* [About this exercise] Return the data exactly, with all pictures removed.

(Scraped caption text data)
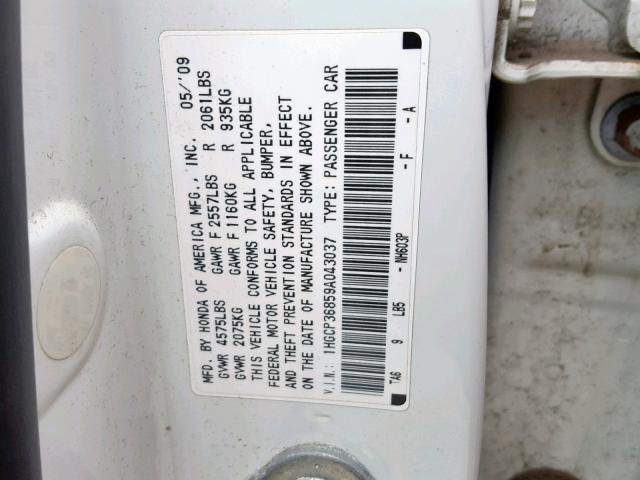 1HGCP36859A043037 - 2009 HONDA ACCORD EXL WHITE photo 10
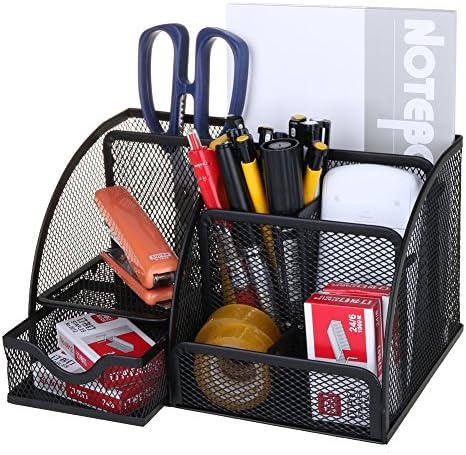 Comfecto Mesh Office Desk Supplies Organizer with 6 Compartments and Mini Sliding Drawer, Accessories Caddy for Pen Scissors Paper Clips Stapler Notepads Paper, Black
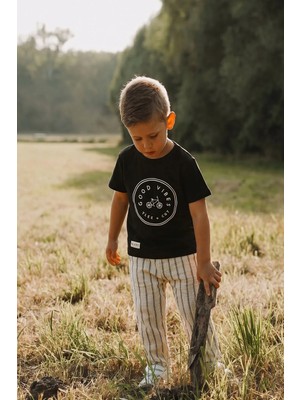 Cigit Bisiklet Baskılı Çizgili Müslin Pantolonlu Takım 2-10 Yaş Siyah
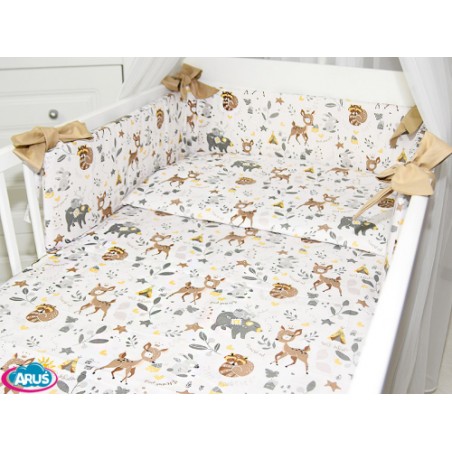 3 el.Pościel do łóżeczka 120x90 dwustronna "KOKARDKA" (sarenki beżowe +beż)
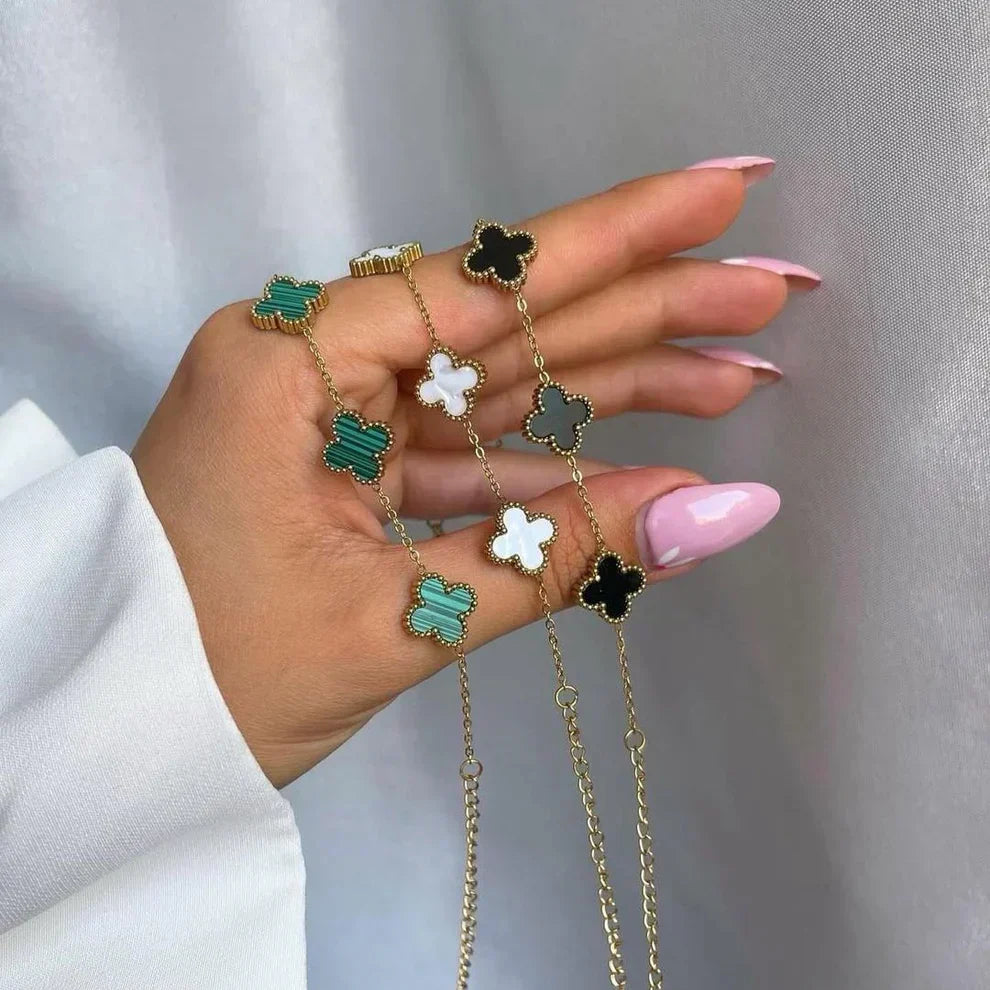 3-Leaf Clover Bracelet Set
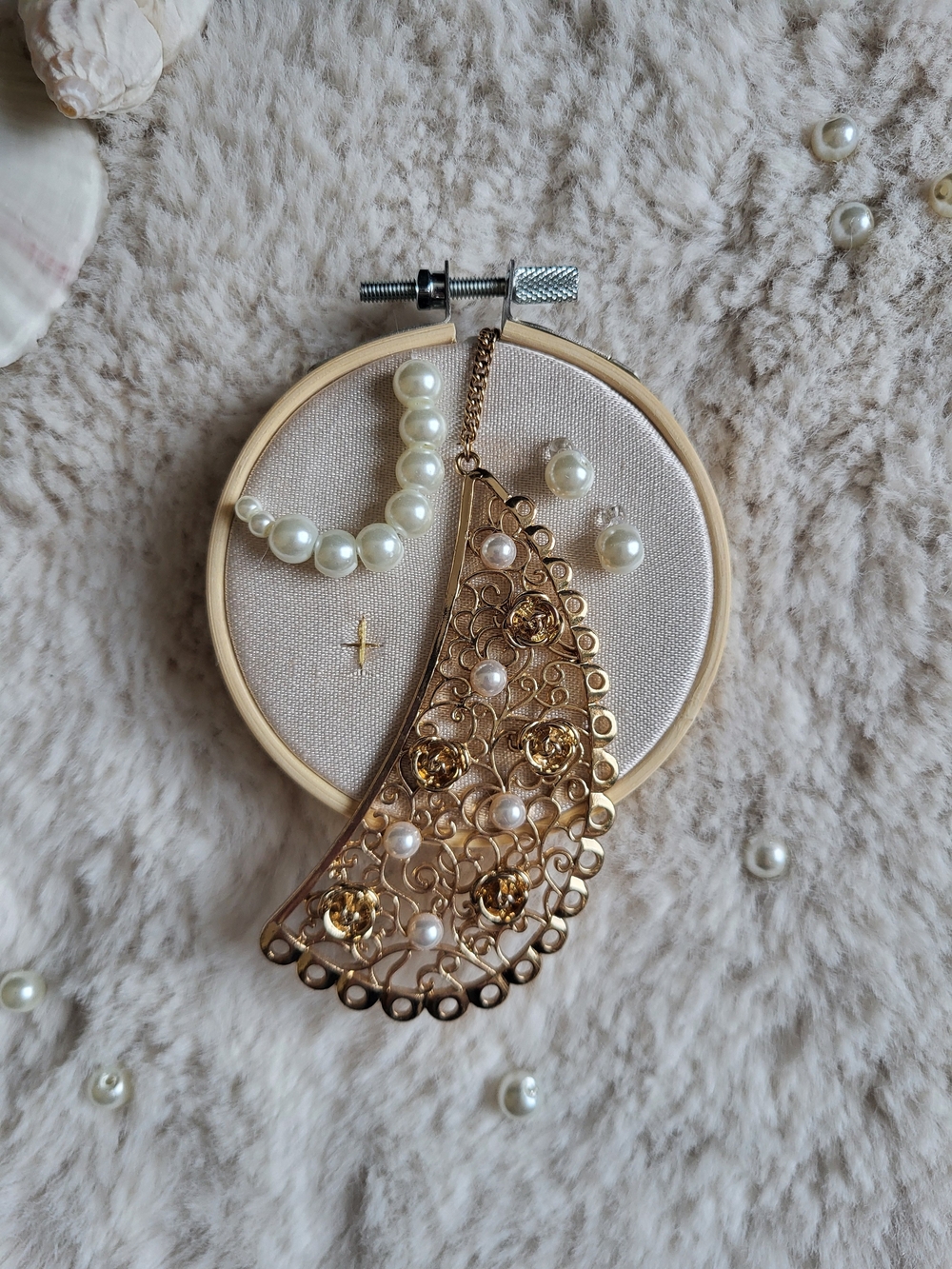 Gold Filigree Pearl Accent Crescent Art On 4in Embroidery Hoop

* [Response area]
 1HGCP36859A043037 - 2009 HONDA ACCORD EXL WHITE photo 10
 Comfecto Mesh Office Desk Supplies Organizer with 6 Compartments and Mini Sliding Drawer, Accessories Caddy for Pen Scissors Paper Clips Stapler Notepads Paper, Black
 Cigit Bisiklet Baskılı Çizgili Müslin Pantolonlu Takım 2-10 Yaş Siyah
 3 el.Pościel do łóżeczka 120x90 dwustronna "KOKARDKA" (sarenki beżowe +beż)
 3-Leaf Clover Bracelet Set
 Gold Filigree Pearl Accent Crescent Art On 4in Embroidery Hoop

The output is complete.